Well it wasn't, but everything in the above paragraphs is true if you stop imagining cheese and start imagining rock of brilliant golden beige that seems to gush out of every high opening like water from Niagara Falls, still and rock solid as if frozen.
I think my mum did have pictures, but I don't know where they've gone.
Another thing we did was go swimming, after buying shorts and goggles from 'Clarkes Village' and getting changed at the pools 'Changing Village'.
My mum didn't name either of those:
Clarkes Village is like a shopping centre, but it's where all the companies sell products that are deemed not to have a viable market, so they send them there, because it's Somerset and Somerset is full of mad people, so it's fine. Apparently people from all over the country flock here just for the few rare products you can get. I don't know what rare products. Glow in the dark... oh I don't ruddy know. Glow-in-the-dark plimsolls? It's fucking Clarkes.
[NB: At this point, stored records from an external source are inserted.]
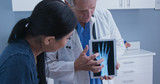 Doctor using tablet computer with x-ray of hand to talk about arthritis with young patient. Senior Caucasian male medical professional with screen demonstrating joint injury to woman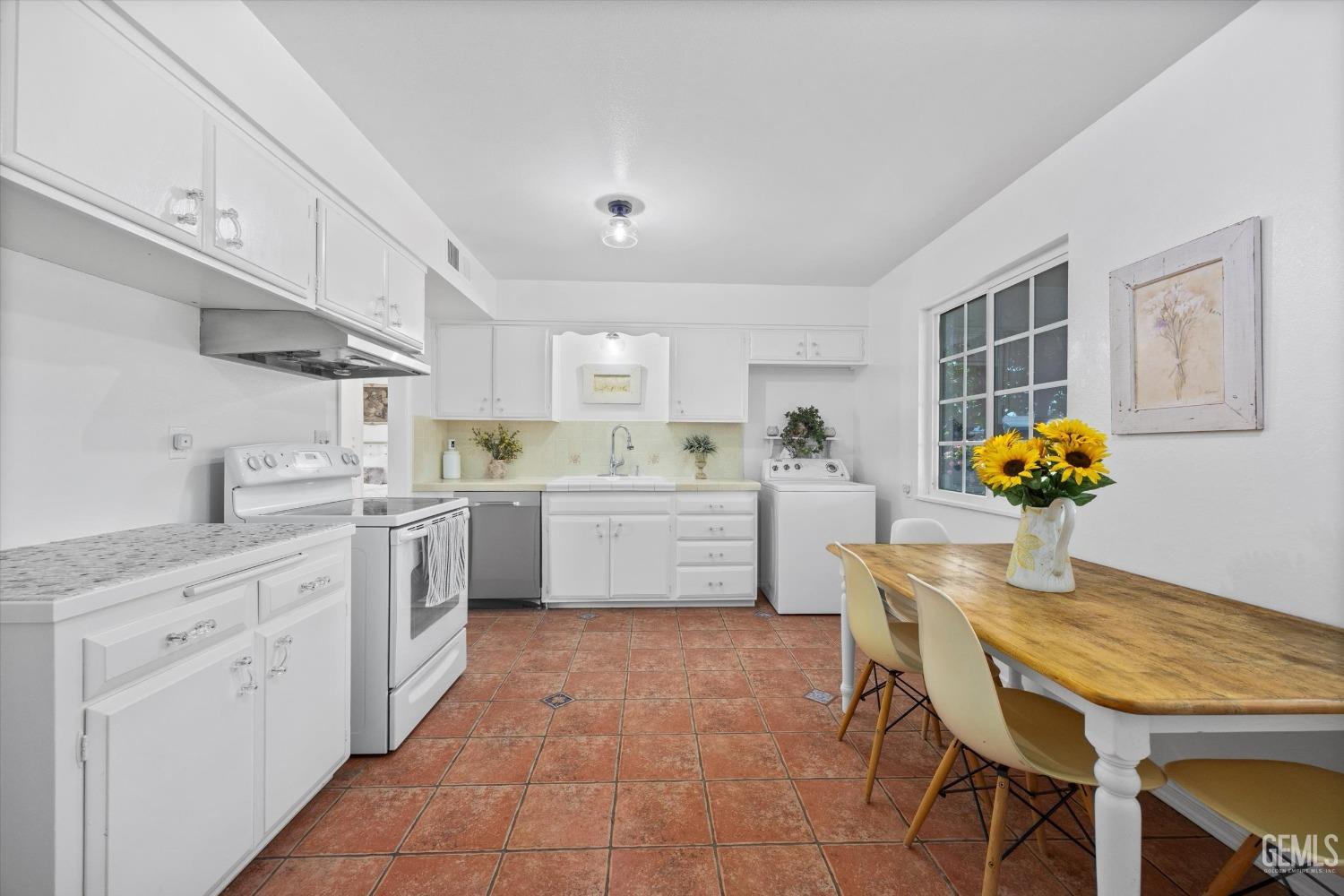 Undisclosed Address Bakersfield, CA 93309 - Photo 11 of 47 a kitchen with a sink cabinets and window
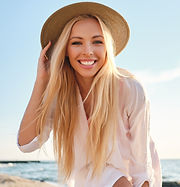 Young attractive smiling blond woman in white shirt and hat joyfully looking in camera wit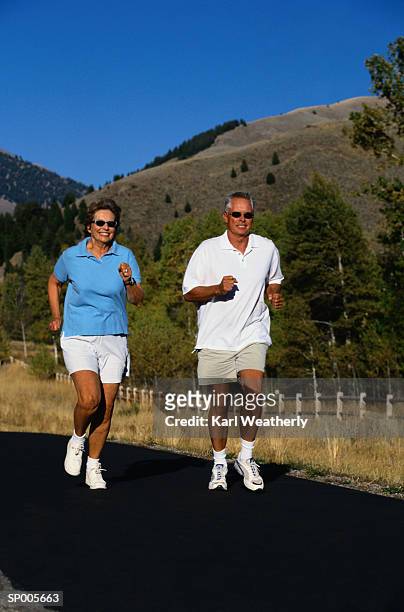 couple running on a trail - karl stock pictures, royalty-free photos & images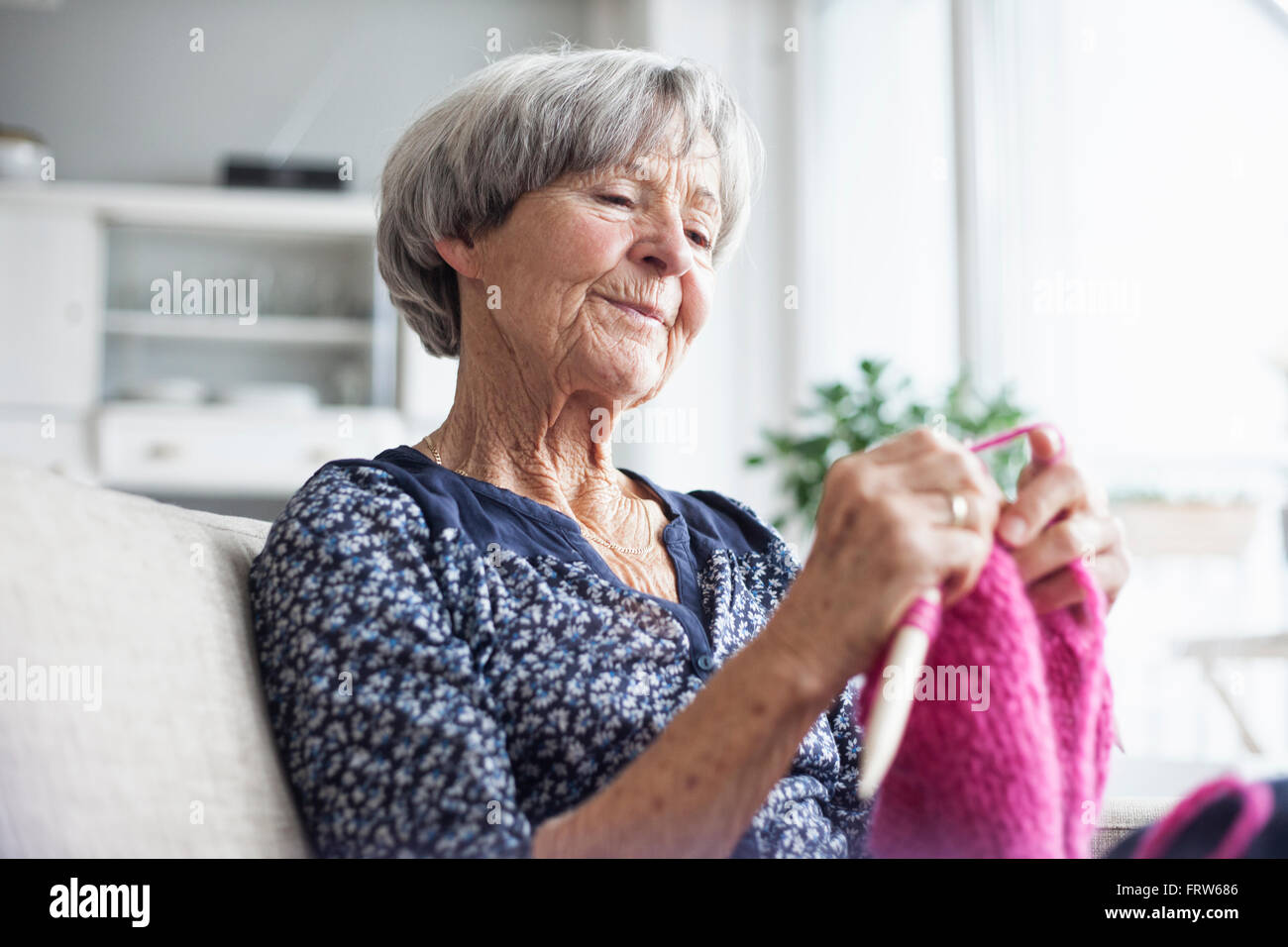 Porträt der strickenden senior Frau sitzt auf der Couch zu Hause Stockfoto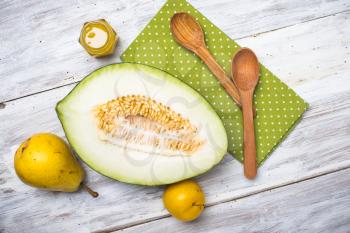 Melon with honey and two yellow pears on wood in rustic style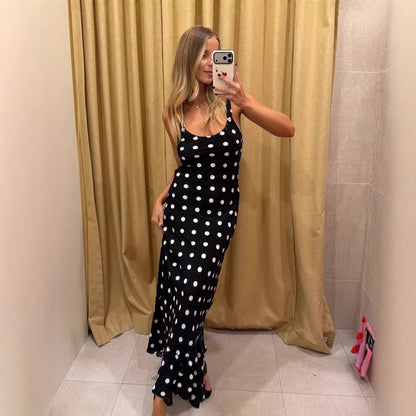 Polka dot summer dress by Pear Daisy featuring ruffled details, fitted waist, and sheath style for a stylish, summery look.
The Changing Village of Wells' Leisure Pool is not a village going through constant technological and economical advances, neither is it half as dangerous or strange as it sounds. It's just a bunch of unisex changing cubicles, set into a labyrinth beside the pool. It's not even all that unisex; there are still separate toilets.
The pool itself is awesome. It describes itself as a leisure pool, and as such it doesn't have a serious deep end, more of a slight incline, which leads to a kids section (read: paddling pool) at one end. On the other end, there's a couple of jacuzzi areas, which are awesome, and, get this, a goddamn current, which picks you up gently, carries you out of the main pool section, into a sort of pool corridor (I guess that would be a river, really) that curves round and deposits you back into the pool, right next to where the current is, so you can unwittingly step into it and have the most fucking fun you've ever had in your life. Then they switch it off at four so all the kids'll get out and piss off and let the adults have some nice relaxing leisure time.
The pool is awesome.
What isn't awesome is how my ear canals somehow mistake pool water for the ear equivalent of fucking SARS and goes into quarantine, shutting down all systems by clogging them with earwax, all systems including not-being-deaf. Luckily, my mum's a teacher for the deaf, so I think I'm sorted in that department.
Oh yeah, my dad had a birthday the other day. I brought him a book by Stephen Fry and a book by Hugh Laurie. Happy birthday dad!